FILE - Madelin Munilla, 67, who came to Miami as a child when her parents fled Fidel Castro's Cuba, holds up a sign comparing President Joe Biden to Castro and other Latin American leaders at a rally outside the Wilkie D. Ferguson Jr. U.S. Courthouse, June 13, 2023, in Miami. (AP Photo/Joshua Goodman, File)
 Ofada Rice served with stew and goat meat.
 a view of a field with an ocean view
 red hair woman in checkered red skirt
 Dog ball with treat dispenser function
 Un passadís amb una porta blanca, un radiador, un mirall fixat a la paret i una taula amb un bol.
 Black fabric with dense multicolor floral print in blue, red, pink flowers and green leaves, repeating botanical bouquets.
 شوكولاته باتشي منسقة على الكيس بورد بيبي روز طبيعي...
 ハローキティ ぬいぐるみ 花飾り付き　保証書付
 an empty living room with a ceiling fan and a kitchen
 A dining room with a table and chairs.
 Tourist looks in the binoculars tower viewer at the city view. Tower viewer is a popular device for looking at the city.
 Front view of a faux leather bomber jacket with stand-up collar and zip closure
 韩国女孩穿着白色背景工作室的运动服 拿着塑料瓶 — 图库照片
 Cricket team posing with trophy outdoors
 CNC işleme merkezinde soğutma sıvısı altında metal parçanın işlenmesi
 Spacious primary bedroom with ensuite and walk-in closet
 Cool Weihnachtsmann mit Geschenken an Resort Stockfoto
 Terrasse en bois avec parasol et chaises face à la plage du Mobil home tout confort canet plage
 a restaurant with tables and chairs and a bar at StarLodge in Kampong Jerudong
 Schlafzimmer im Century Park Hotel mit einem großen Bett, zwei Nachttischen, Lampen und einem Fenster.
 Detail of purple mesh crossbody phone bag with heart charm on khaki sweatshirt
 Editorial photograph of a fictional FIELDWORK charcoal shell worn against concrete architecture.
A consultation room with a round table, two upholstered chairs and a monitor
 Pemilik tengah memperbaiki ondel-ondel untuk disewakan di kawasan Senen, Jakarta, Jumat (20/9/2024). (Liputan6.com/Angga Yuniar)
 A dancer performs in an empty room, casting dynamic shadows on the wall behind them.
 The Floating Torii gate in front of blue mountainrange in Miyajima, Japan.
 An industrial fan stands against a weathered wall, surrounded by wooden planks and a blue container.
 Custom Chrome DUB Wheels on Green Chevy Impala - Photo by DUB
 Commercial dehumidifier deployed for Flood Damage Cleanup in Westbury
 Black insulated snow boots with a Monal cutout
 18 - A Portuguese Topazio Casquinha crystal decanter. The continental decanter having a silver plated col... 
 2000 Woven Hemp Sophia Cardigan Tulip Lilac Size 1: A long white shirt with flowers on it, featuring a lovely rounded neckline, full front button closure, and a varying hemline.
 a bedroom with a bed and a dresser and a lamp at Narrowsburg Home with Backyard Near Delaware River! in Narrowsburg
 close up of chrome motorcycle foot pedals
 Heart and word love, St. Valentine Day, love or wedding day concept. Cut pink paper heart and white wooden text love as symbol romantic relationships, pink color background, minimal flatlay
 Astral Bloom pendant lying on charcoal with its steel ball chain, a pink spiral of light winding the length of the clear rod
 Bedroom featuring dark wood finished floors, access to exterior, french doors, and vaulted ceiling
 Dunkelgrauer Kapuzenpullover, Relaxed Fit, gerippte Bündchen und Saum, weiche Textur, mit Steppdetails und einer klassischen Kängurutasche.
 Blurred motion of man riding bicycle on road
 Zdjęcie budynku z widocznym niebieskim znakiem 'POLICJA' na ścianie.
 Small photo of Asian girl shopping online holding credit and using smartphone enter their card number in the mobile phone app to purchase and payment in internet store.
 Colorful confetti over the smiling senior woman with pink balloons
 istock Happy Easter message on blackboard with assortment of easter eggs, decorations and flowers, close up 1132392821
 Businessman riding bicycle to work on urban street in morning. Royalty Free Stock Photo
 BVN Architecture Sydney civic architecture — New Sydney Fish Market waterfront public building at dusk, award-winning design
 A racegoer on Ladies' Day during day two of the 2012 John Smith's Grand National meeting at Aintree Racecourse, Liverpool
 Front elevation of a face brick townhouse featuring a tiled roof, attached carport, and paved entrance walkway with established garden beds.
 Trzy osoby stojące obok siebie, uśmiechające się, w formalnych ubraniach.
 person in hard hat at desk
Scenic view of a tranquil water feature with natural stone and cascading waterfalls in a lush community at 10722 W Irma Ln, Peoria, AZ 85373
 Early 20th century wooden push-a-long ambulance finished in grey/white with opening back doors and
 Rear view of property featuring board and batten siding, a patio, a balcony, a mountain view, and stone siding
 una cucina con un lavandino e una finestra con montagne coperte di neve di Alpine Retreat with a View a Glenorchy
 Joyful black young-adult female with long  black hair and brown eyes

□ □ □ □ □ □ □

WHAT YOU HAVE TO DO: Copy the lines of the data above exactly as written, beginning with the line containing "person in hard hat at desk" and ending with the line containing "Rear view of", and leave out all other lines.

RESULT FOR THIS EXERCISE:
 person in hard hat at desk
Scenic view of a tranquil water feature with natural stone and cascading waterfalls in a lush community at 10722 W Irma Ln, Peoria, AZ 85373
 Early 20th century wooden push-a-long ambulance finished in grey/white with opening back doors and
 Rear view of property featuring board and batten siding, a patio, a balcony, a mountain view, and stone siding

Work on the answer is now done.